Outra causa da perda de documentos foram as inúmeras guerras que envolveram a região de Genazzano nos fins do século XV e princípios do XVI, como também a invasão francesa dos Estados Pontifícios no século XVIII e a tomada destes pelas tropas piemontesas no reinado de Pio IX. A tudo isto vem somar-se o incêndio que no século XVIII destruiu parte dos arquivos comunais de Genazzano; assim é que nesses arquivos faltam os registros referentes aos anos de 1460 a 1474, incluindo o de 1467, no qual se deu a aparição.

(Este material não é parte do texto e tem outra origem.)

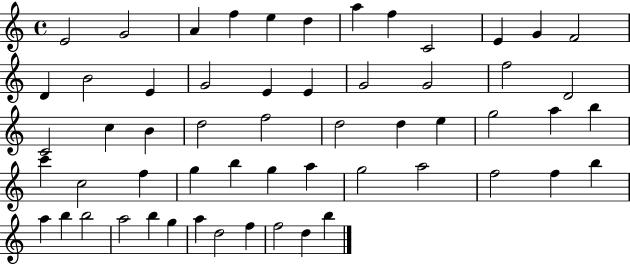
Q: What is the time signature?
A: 4/4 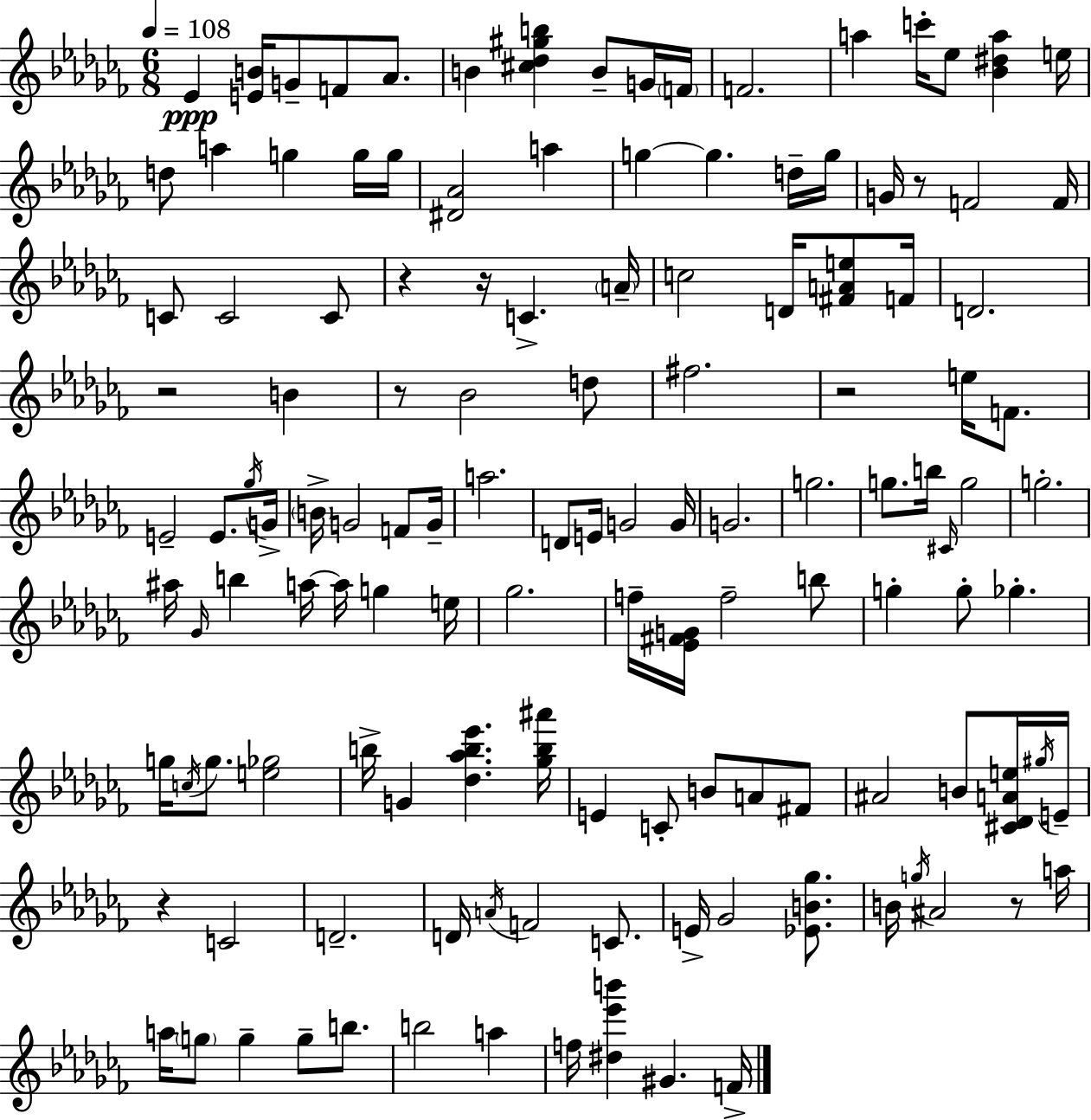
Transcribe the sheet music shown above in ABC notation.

X:1
T:Untitled
M:6/8
L:1/4
K:Abm
_E [EB]/4 G/2 F/2 _A/2 B [^c_d^gb] B/2 G/4 F/4 F2 a c'/4 _e/2 [_B^da] e/4 d/2 a g g/4 g/4 [^D_A]2 a g g d/4 g/4 G/4 z/2 F2 F/4 C/2 C2 C/2 z z/4 C A/4 c2 D/4 [^FAe]/2 F/4 D2 z2 B z/2 _B2 d/2 ^f2 z2 e/4 F/2 E2 E/2 _g/4 G/4 B/4 G2 F/2 G/4 a2 D/2 E/4 G2 G/4 G2 g2 g/2 b/4 ^C/4 g2 g2 ^a/4 _G/4 b a/4 a/4 g e/4 _g2 f/4 [_E^FG]/4 f2 b/2 g g/2 _g g/4 c/4 g/2 [e_g]2 b/4 G [_d_ab_e'] [_gb^a']/4 E C/2 B/2 A/2 ^F/2 ^A2 B/2 [^C_DAe]/4 ^g/4 E/4 z C2 D2 D/4 A/4 F2 C/2 E/4 _G2 [_EB_g]/2 B/4 g/4 ^A2 z/2 a/4 a/4 g/2 g g/2 b/2 b2 a f/4 [^d_e'b'] ^G F/4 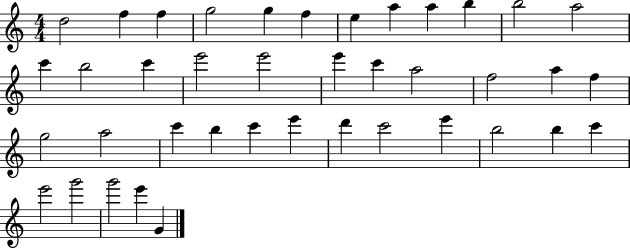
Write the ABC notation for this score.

X:1
T:Untitled
M:4/4
L:1/4
K:C
d2 f f g2 g f e a a b b2 a2 c' b2 c' e'2 e'2 e' c' a2 f2 a f g2 a2 c' b c' e' d' c'2 e' b2 b c' e'2 g'2 g'2 e' G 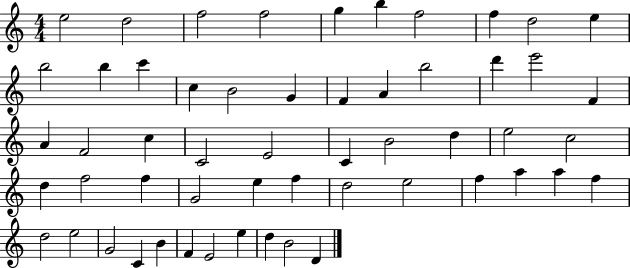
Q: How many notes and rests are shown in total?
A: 55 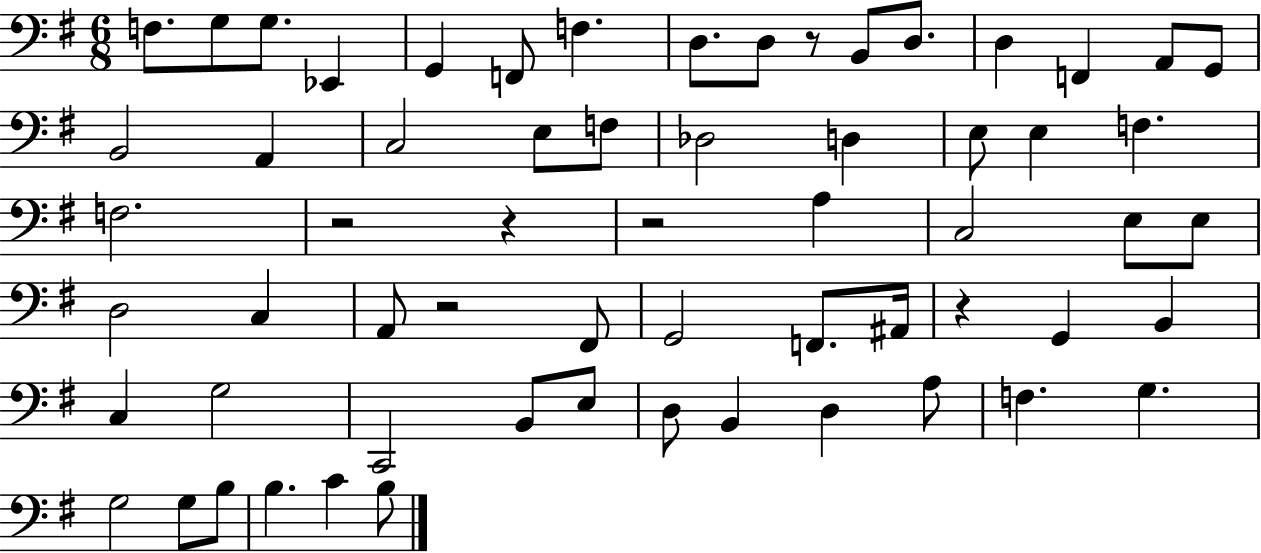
X:1
T:Untitled
M:6/8
L:1/4
K:G
F,/2 G,/2 G,/2 _E,, G,, F,,/2 F, D,/2 D,/2 z/2 B,,/2 D,/2 D, F,, A,,/2 G,,/2 B,,2 A,, C,2 E,/2 F,/2 _D,2 D, E,/2 E, F, F,2 z2 z z2 A, C,2 E,/2 E,/2 D,2 C, A,,/2 z2 ^F,,/2 G,,2 F,,/2 ^A,,/4 z G,, B,, C, G,2 C,,2 B,,/2 E,/2 D,/2 B,, D, A,/2 F, G, G,2 G,/2 B,/2 B, C B,/2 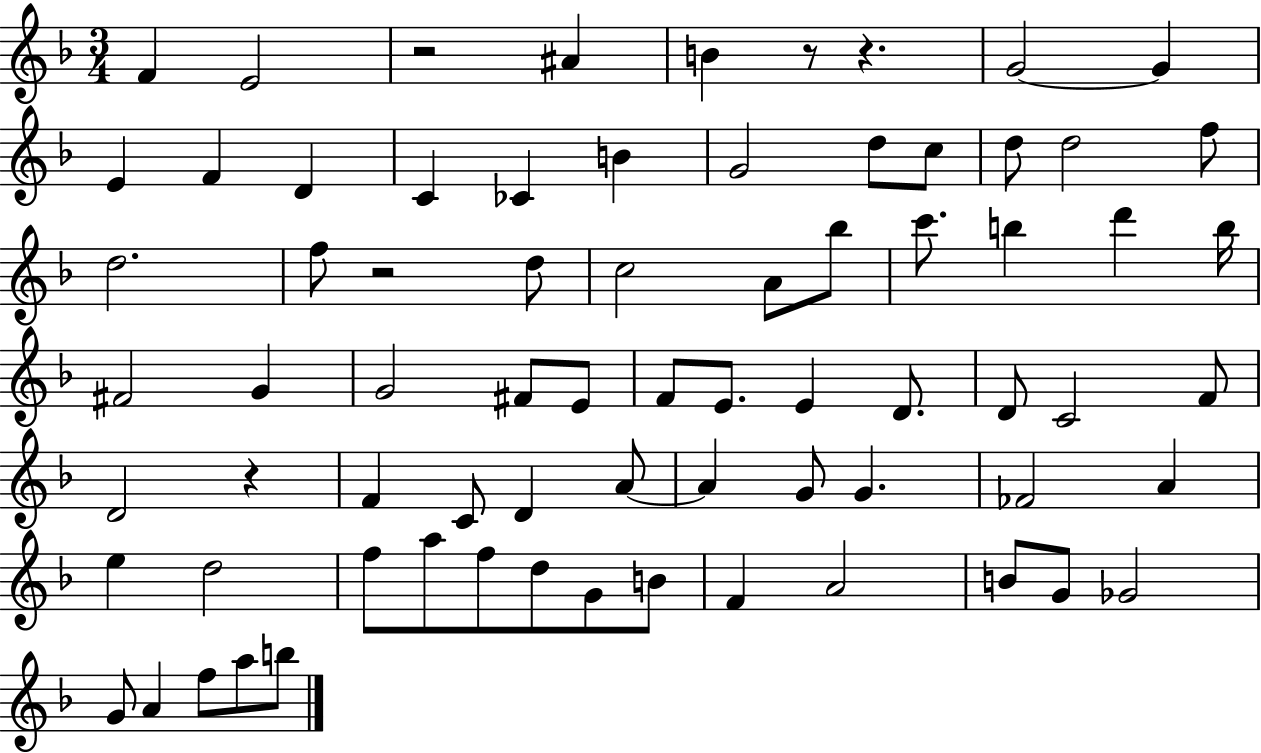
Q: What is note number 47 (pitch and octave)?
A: G4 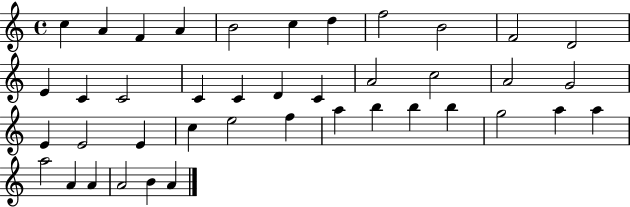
C5/q A4/q F4/q A4/q B4/h C5/q D5/q F5/h B4/h F4/h D4/h E4/q C4/q C4/h C4/q C4/q D4/q C4/q A4/h C5/h A4/h G4/h E4/q E4/h E4/q C5/q E5/h F5/q A5/q B5/q B5/q B5/q G5/h A5/q A5/q A5/h A4/q A4/q A4/h B4/q A4/q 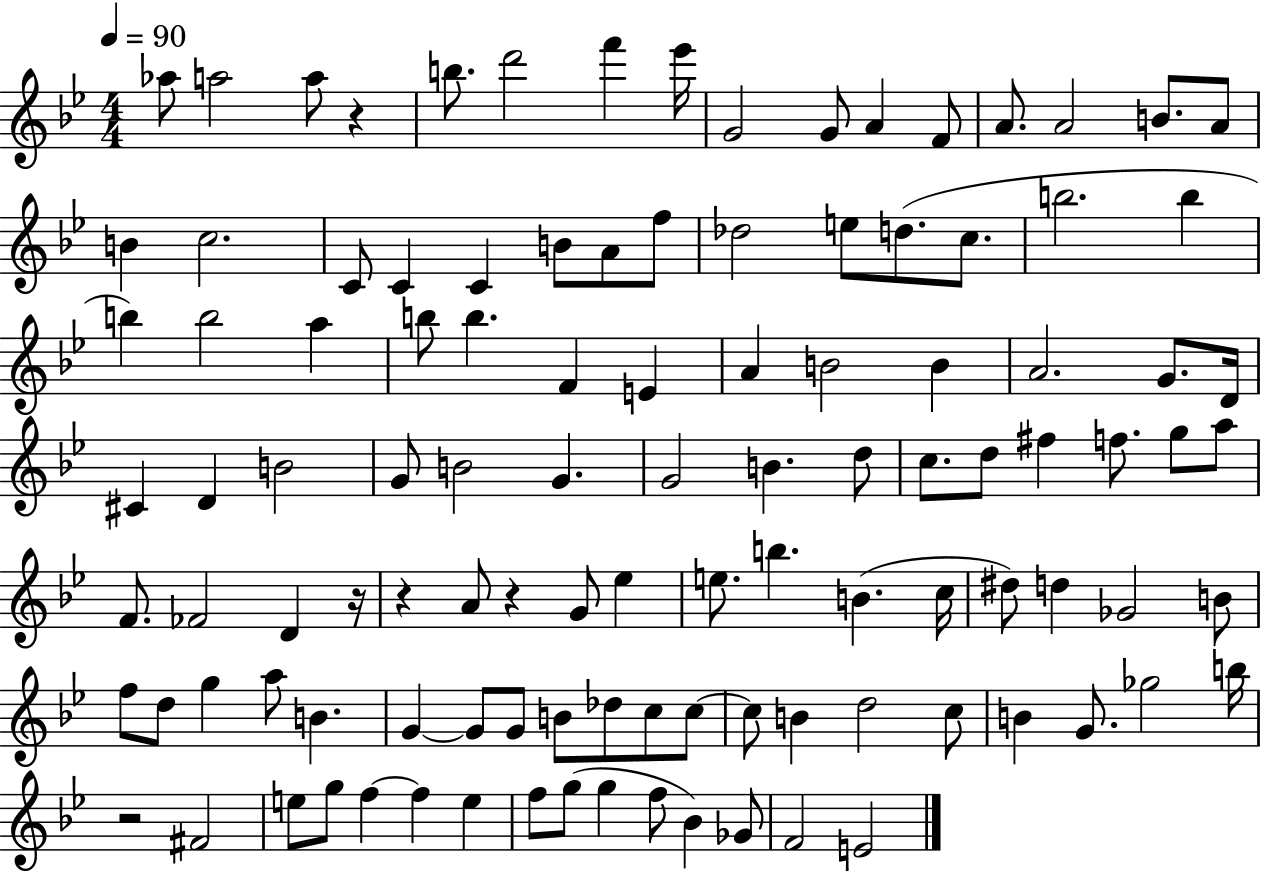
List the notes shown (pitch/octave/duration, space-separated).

Ab5/e A5/h A5/e R/q B5/e. D6/h F6/q Eb6/s G4/h G4/e A4/q F4/e A4/e. A4/h B4/e. A4/e B4/q C5/h. C4/e C4/q C4/q B4/e A4/e F5/e Db5/h E5/e D5/e. C5/e. B5/h. B5/q B5/q B5/h A5/q B5/e B5/q. F4/q E4/q A4/q B4/h B4/q A4/h. G4/e. D4/s C#4/q D4/q B4/h G4/e B4/h G4/q. G4/h B4/q. D5/e C5/e. D5/e F#5/q F5/e. G5/e A5/e F4/e. FES4/h D4/q R/s R/q A4/e R/q G4/e Eb5/q E5/e. B5/q. B4/q. C5/s D#5/e D5/q Gb4/h B4/e F5/e D5/e G5/q A5/e B4/q. G4/q G4/e G4/e B4/e Db5/e C5/e C5/e C5/e B4/q D5/h C5/e B4/q G4/e. Gb5/h B5/s R/h F#4/h E5/e G5/e F5/q F5/q E5/q F5/e G5/e G5/q F5/e Bb4/q Gb4/e F4/h E4/h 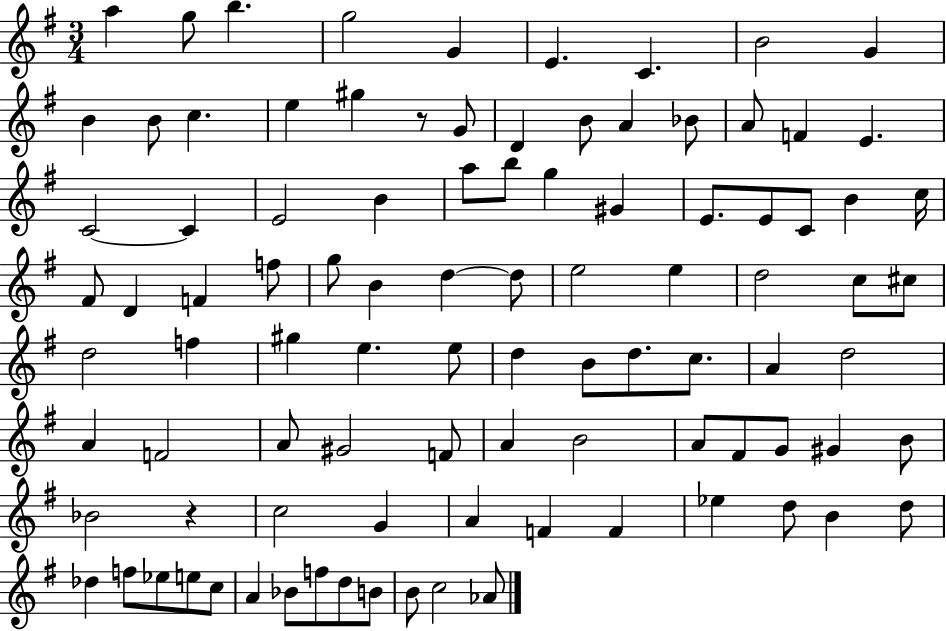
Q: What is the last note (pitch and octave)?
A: Ab4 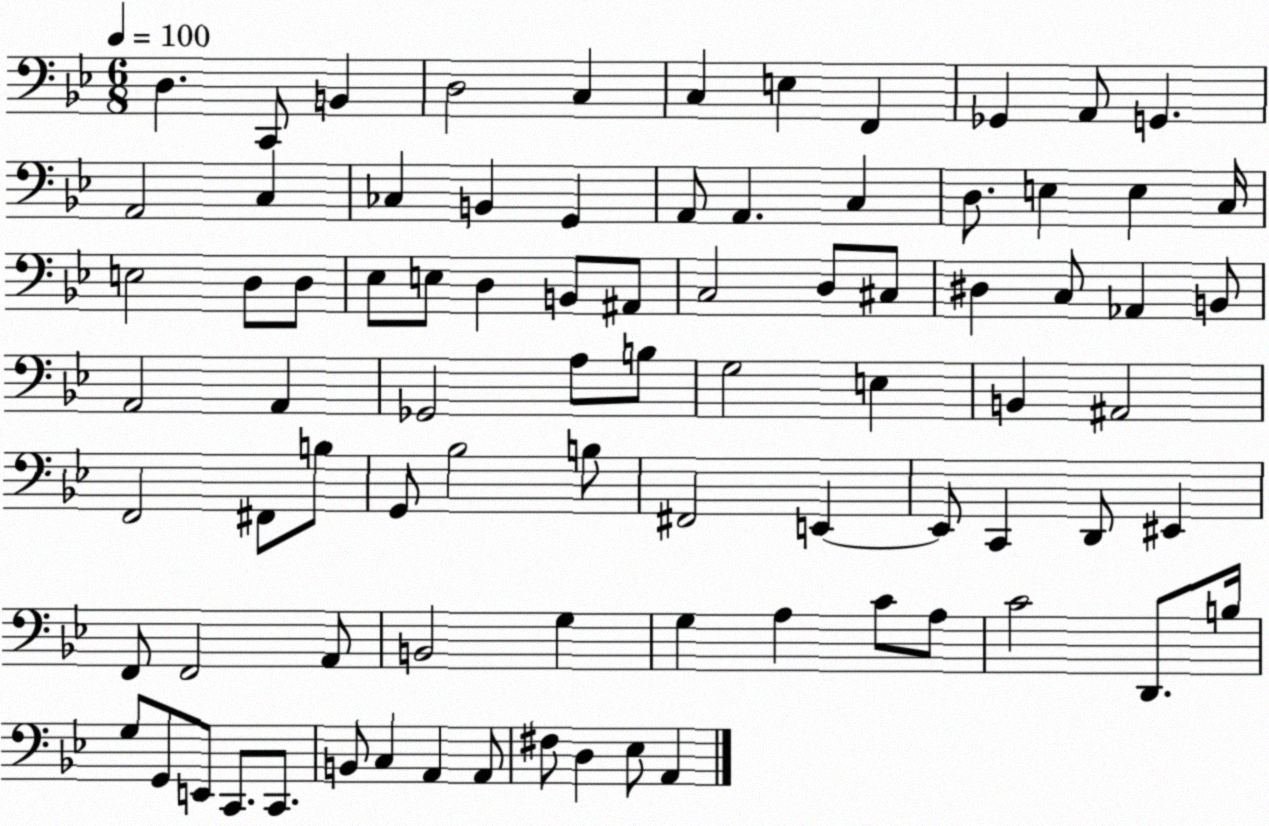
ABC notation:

X:1
T:Untitled
M:6/8
L:1/4
K:Bb
D, C,,/2 B,, D,2 C, C, E, F,, _G,, A,,/2 G,, A,,2 C, _C, B,, G,, A,,/2 A,, C, D,/2 E, E, C,/4 E,2 D,/2 D,/2 _E,/2 E,/2 D, B,,/2 ^A,,/2 C,2 D,/2 ^C,/2 ^D, C,/2 _A,, B,,/2 A,,2 A,, _G,,2 A,/2 B,/2 G,2 E, B,, ^A,,2 F,,2 ^F,,/2 B,/2 G,,/2 _B,2 B,/2 ^F,,2 E,, E,,/2 C,, D,,/2 ^E,, F,,/2 F,,2 A,,/2 B,,2 G, G, A, C/2 A,/2 C2 D,,/2 B,/4 G,/2 G,,/2 E,,/2 C,,/2 C,,/2 B,,/2 C, A,, A,,/2 ^F,/2 D, _E,/2 A,, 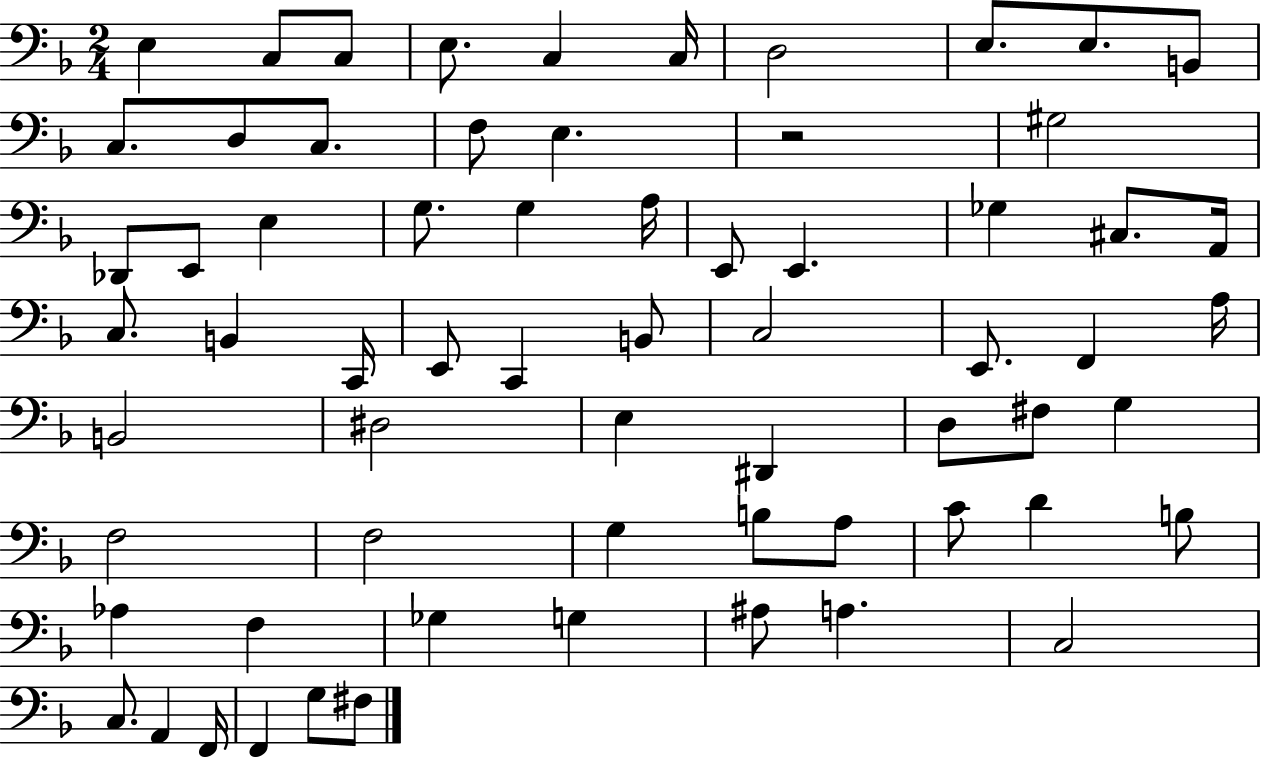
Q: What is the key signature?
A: F major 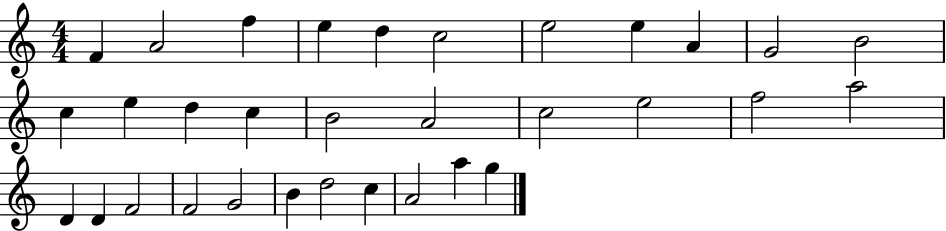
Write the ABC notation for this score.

X:1
T:Untitled
M:4/4
L:1/4
K:C
F A2 f e d c2 e2 e A G2 B2 c e d c B2 A2 c2 e2 f2 a2 D D F2 F2 G2 B d2 c A2 a g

Em 1779 a Sagrada Congregação dos Ritos submeteu à apreciação de dois eminentes peritos, Gaetano e Calixto Marini, Custódios dos Arquivos Secretos do Vaticano, vários documentos apresentados pelo Postulador da causa do Ofício e Missa próprios de Nossa Senhora do Bom Conselho. Queria saber o Promotor da Fé se eles ofereciam ou não garantias de autenticidade, de modo a poderem servir de base para a Santa Sé conceder o que lhe era pedido. Fizeram os dois eruditos acurado exame do material oferecido, procederam a pesquisas em arquivos para sanar as falhas que encontraram, foram a Genazzano para examinar in loco duas inscrições existentes no Santuário. Seu parecer foi de todo favorável, permitindo àquele Dicastério aprovar a Missa e Ofício desejados.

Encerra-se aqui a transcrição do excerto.